Part of the Advanced Diplomatic Webinars series.
The webinar addressed the development of radio broadcast.
The basis for radio broadcasting was created by scientific and technological breakthroughs in wireless communication. Both Marconi and Reginald Fessenden, who in 1906 managed to transfer sound over radio waves, were attempting to create a wireless telephone. In line with the principle of unintended consequences, their pursuit resulted in something else. This, as David Sarnoff has suggested, was a ‘radio music box’. The technological basis developed for wireless telephony was used in one-way radio broadcasting.
Orson Welles’s radio episode The War of the Worlds was an early example of the power of radio broadcasting. His ‘announcement’ of the start of the war with the Martians created panic in the United States.

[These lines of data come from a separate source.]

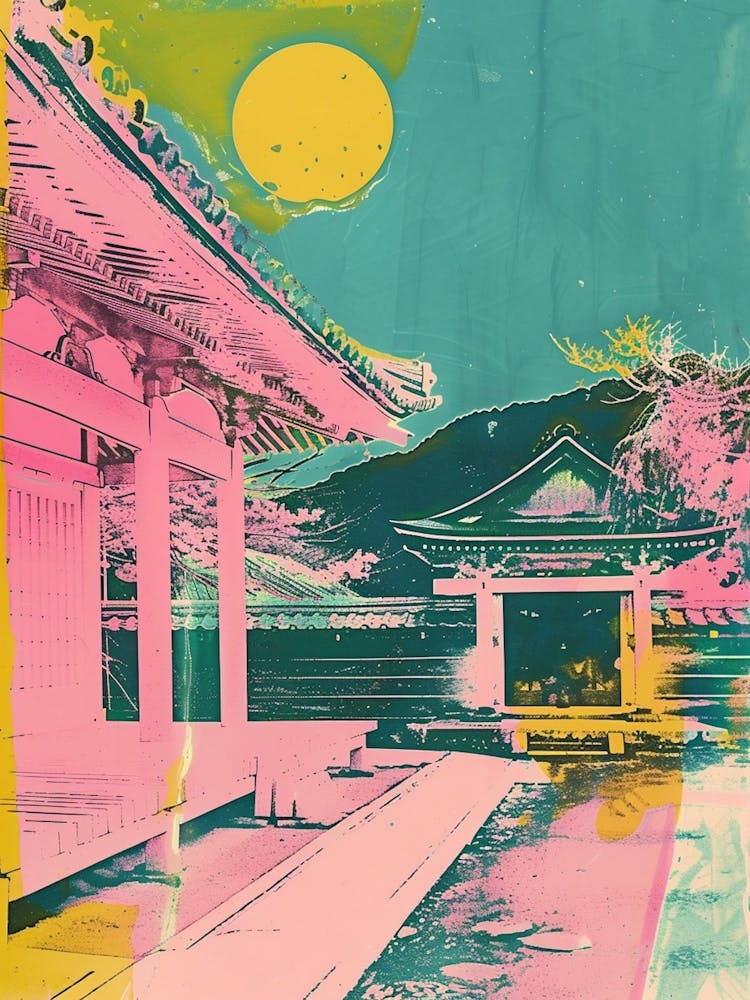 Koyasan Japan Retro Duotone Silkscreen 4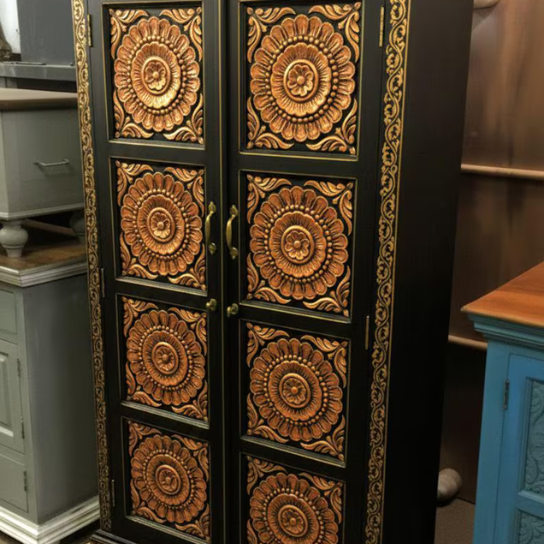 Hand Carved Wooden Cabinet – Black & Gold Armoire with Floral Design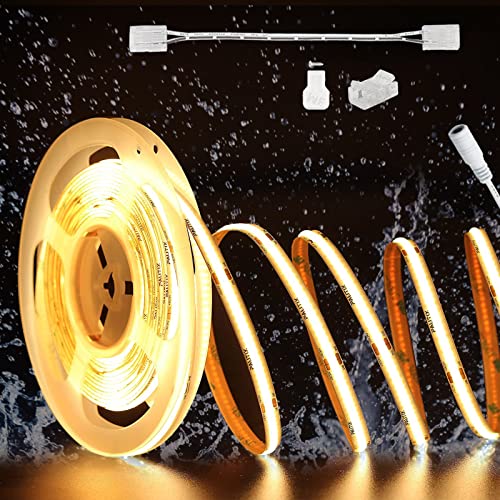PAUTIX COB LED Streifen Warmweiss 2700K DC24V Wasserdicht Ip65, 10m 504LEDs/M LED Strip Lights CRI90+, LED Band für Zuhause Küche DIY mit 8mm Cob Verbinder (Netzteil nicht im Lieferumfang enthalten)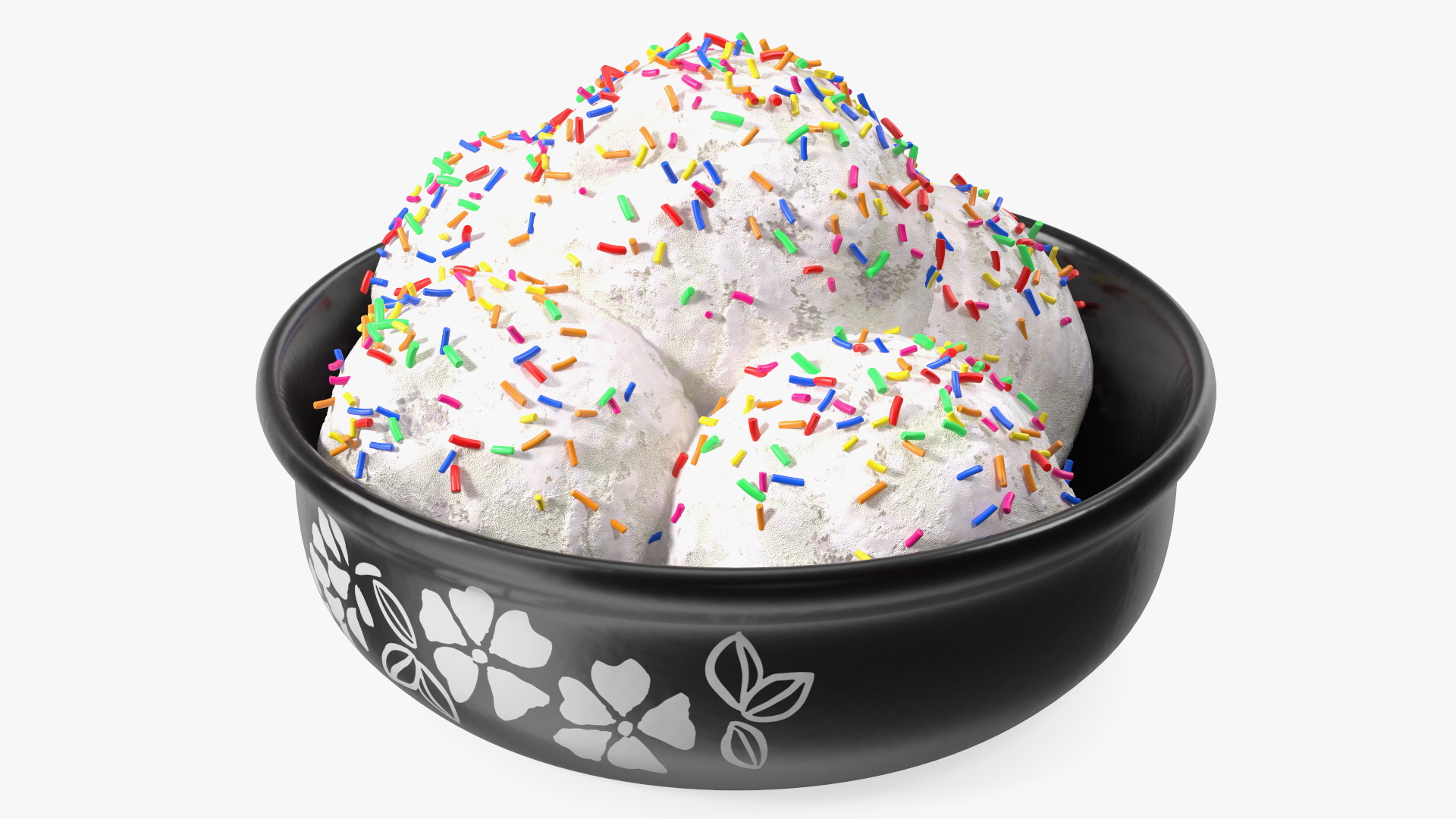 3D model White Ice Cream on Ceramic Pot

Radio broadcasting confirms that usually technological advances coexist with previous innovations, in spite of various ‘endism’ predictions. Traditional mail was not replaced by the telegraph. The telephone did not ‘kill’ the telegraph. Radio coexists with TV. In fact, with the exception of the telegraph, most communication innovations introduced during the last two centuries, including mail, the telephone, radio, TV, and fax are still in widespread use today. Mail, one of the oldest organised communication methods, is a growing business even today (e.g. DHL, FedEx). Radio broadcasting gets its renaissance on the Internet with thousands of radio channels broadcasted online.